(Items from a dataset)
......

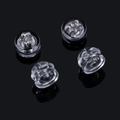 Set of 4 DIY earring backs with metal butterfly clutch and transparent silicone plugs - 5mm / White K/Silver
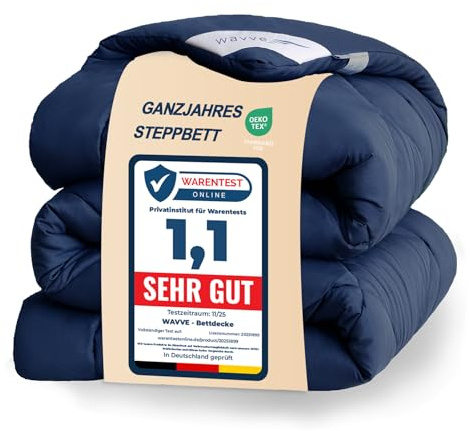 WAVVE Bettdecke 135x200 cm Ganzjahresdecke 4 Jahreszeiten, Steppdecke 300gsm Mikrofaser 135x200cm, Super Weiche Zudecke Schlafdecke Atmungsaktive 135 x 200, Blau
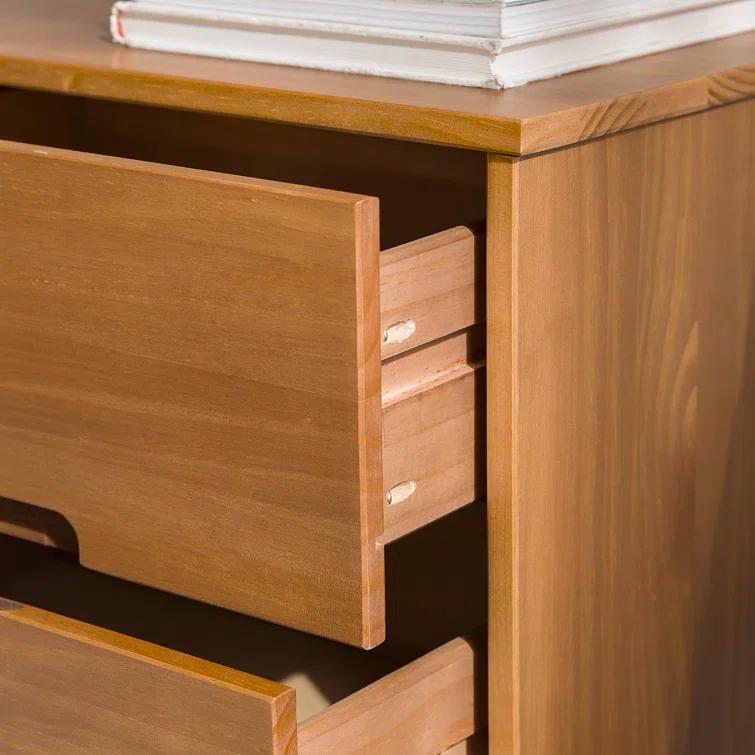 George Oliver Solid Wood Groove 2-Drawer Nightstand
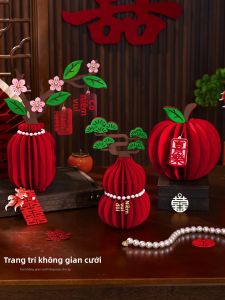 XIKUNLE | Trang Trí Phong Cách 3D Đôi Hỷ Cho Cưới Hỏi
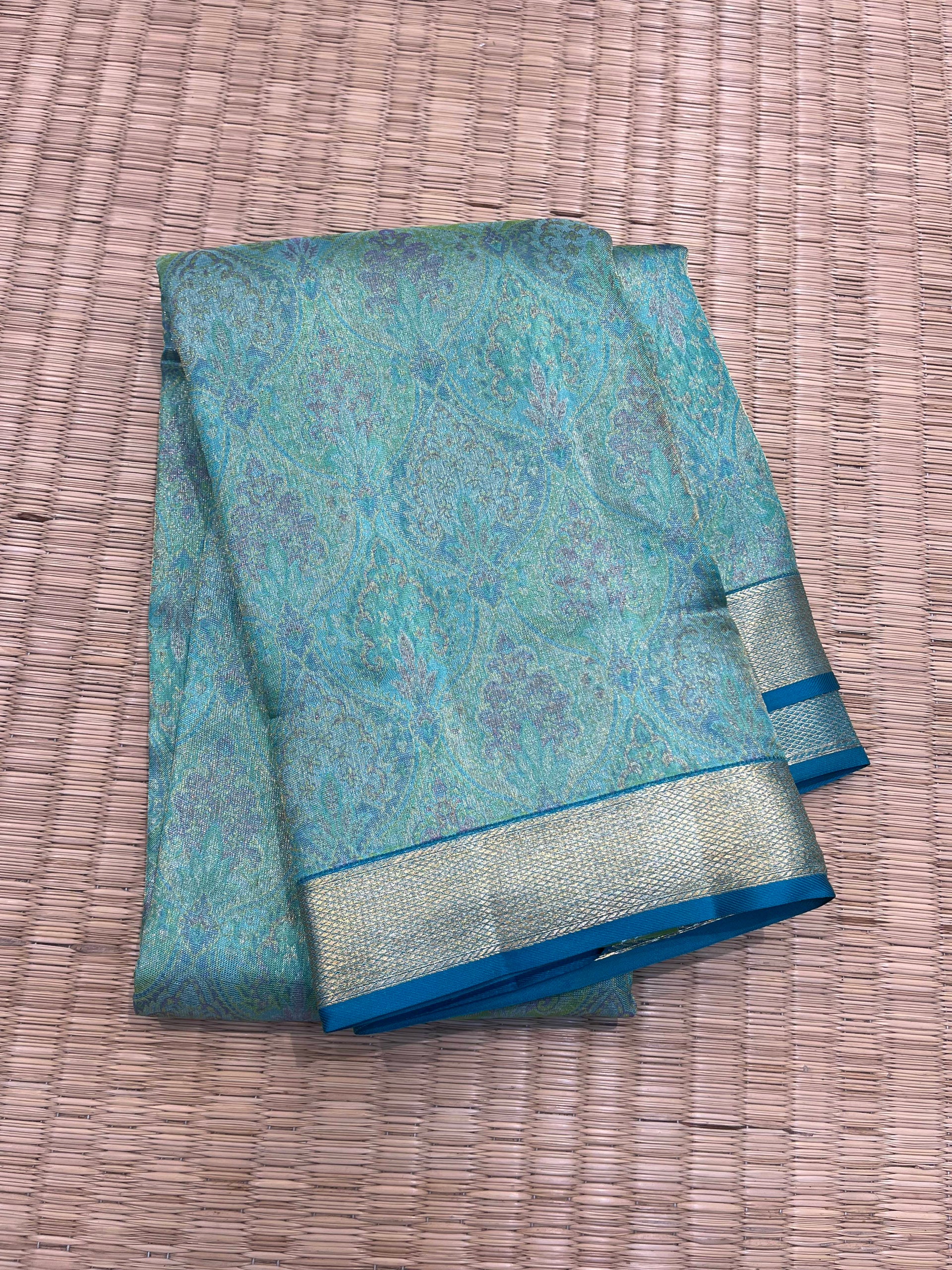 Kanchipuram Handloom Pure Silk Teal Green Saree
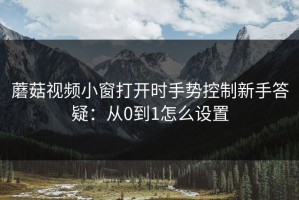 蘑菇视频小窗打开时手势控制新手答疑：从0到1怎么设置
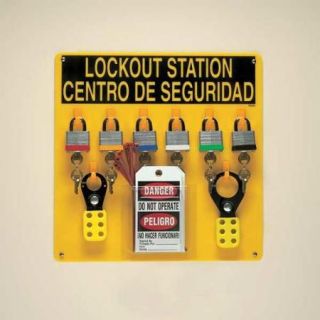 BRADY LC210G Lockout Station,Unfilled,16 In H,Blk/Ylw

......

PROBLEM REQUIREMENTS ▸ Go back to the line containing "George Oliver Solid" and output it and every line after it through the end of the records, exactly, but not the pictures.

THE COMPLETED TASK ▸
 George Oliver Solid Wood Groove 2-Drawer Nightstand
 XIKUNLE | Trang Trí Phong Cách 3D Đôi Hỷ Cho Cưới Hỏi
 Kanchipuram Handloom Pure Silk Teal Green Saree
 蘑菇视频小窗打开时手势控制新手答疑：从0到1怎么设置
 BRADY LC210G Lockout Station,Unfilled,16 In H,Blk/Ylw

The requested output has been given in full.